There were plenty of headlines surrounding the game: UConn head coach Kevin Ollie’s rise to fame in just his second season, Kentucky’s incredible tournament run with a starting lineup of five freshman and rapper Drake’s support of seemingly every team that won a game.

However, there is another story concerning the Huskies that many have overlooked.

Several days before the National Championship game, UConn’s All-American point guard, Shabazz Napier, said during a press conference that there are nights he goes to sleep “starving” because he can’t afford to buy food.

“We do have hungry nights that we don’t have enough money to get food in. Sometimes money is needed. I don’t think you should stretch it out to hundreds of thousands of dollars for playing, because a lot of times guys don’t know how to handle themselves with money. I feel like a student athlete. Sometimes, there’s hungry nights where I’m not able to eat, but I still gotta play up to my capabilities.” Napier said.

Meanwhile, on the other end, it is estimated by Forbes that UConn’s trip to the Final Four alone earned the American Athletic Conference $9.5 million.

Correct me if I’m wrong, but something isn’t adding up here.

“I don’t see myself as so much of an employee,” Napier said. “But when you see your jersey being sold … you feel like you want something in return.”

It is true that thousands of Division I athletes are given full-ride scholarships each year to cover tuition and housing.

But what happens when you need to buy groceries?

Napier is one of the rare college basketball stars who has stayed in school until his senior year, as opposed to making the jump to the NBA.

His reward for doing so is two national championship rings and, in May, a college diploma.

However, what is Napier, or any other major college athlete supposed to do when they need to cover their basic necessities?

Sit back and try to think of another business in America in which the company’s workers provide unpaid manual labor while the company’s presidents and higher-ups earn millions of dollars off of those workers?

One of the men who reaps the benefits of hard work put in by players such as Napier is NCAA president Mark Emmert, who, ironically presented the championship trophy to Napier and the Huskies, just days after he publicly said that the unionization of college athletes is “grossly inappropriate.”

According to USA Today, Emmert made $1.6 million in 2011. The average value of a college basketball scholarship? $27,923 per year.

Many will argue that a free education is enough and college athletes are already more than fairly compensated.
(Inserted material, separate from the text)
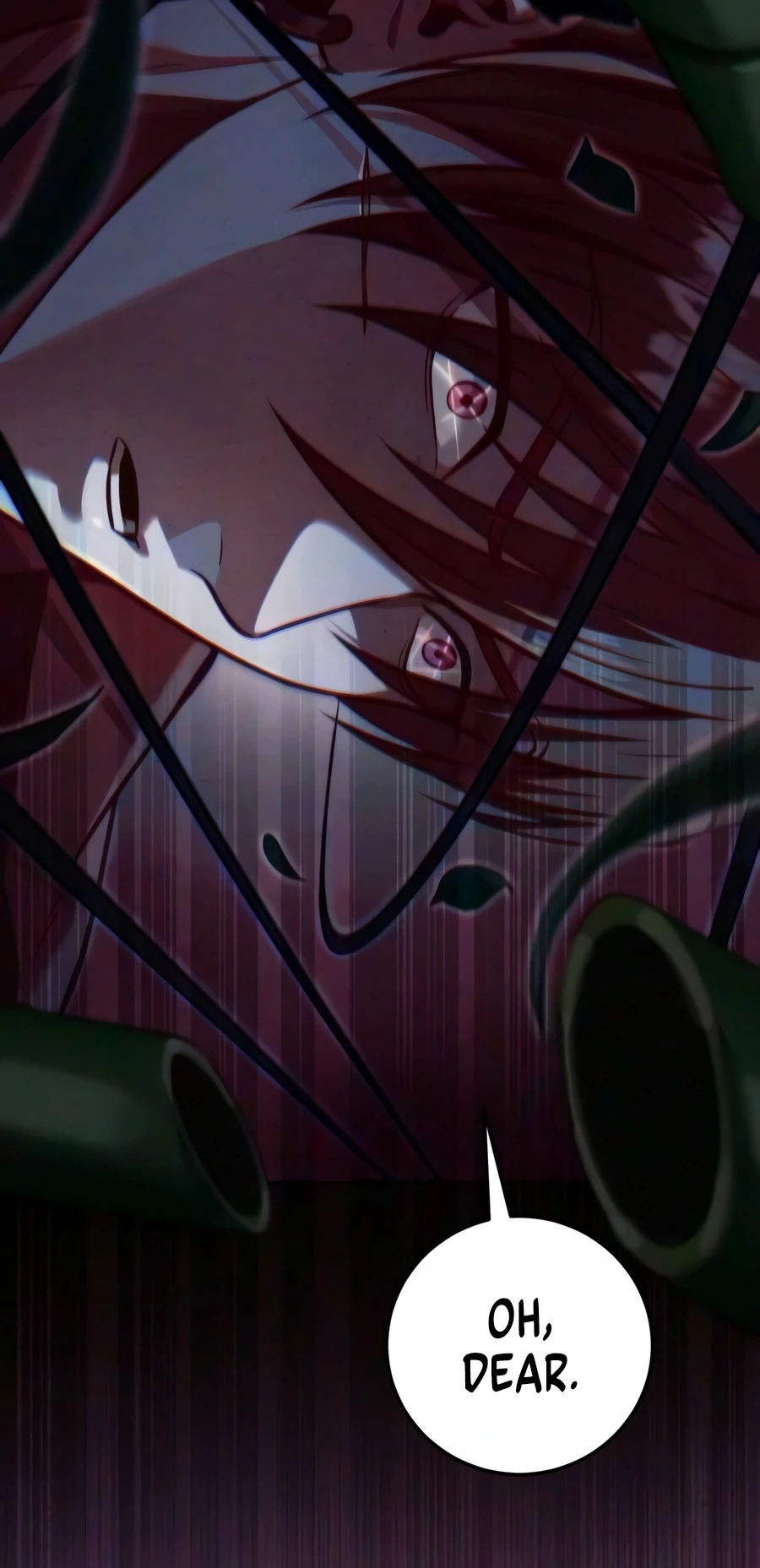 Read The Sichuan Tyrant chapter 29 image 2 on Lezhin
However, the goal of many college athletic programs isn’t to help its athletes earn a degree. In 2011, the NCAA issued a two-year tournament ban to UConn because of low academic progress rates. From 2007 to 2011, only one in 12 players graduated from Connecticut in each of the four years.
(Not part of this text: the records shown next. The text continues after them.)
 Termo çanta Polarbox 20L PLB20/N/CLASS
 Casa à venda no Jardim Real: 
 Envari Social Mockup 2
No, it’s college athletics’ goal to keep the money train rolling. That Napier is on track to receive his degree is a statistical anomaly.

Why is it that players like Napier — an athlete who has gone about his business the right way, are staying up at night hungry, while literally every other party involved is living large off the money created by college sports?

Between classes, workouts, practices, press conferences and traveling across the country for games, it’s unrealistic for a college athlete to go out and get a part-time job like the average college student would.

And they shouldn’t have to.

At the very least, student athletes deserve a portion of the revenue earned by colleges who profit off their names.

They shouldn’t be millionaires. They shouldn’t be treated as professional athletes. But they do deserve slice of the pie.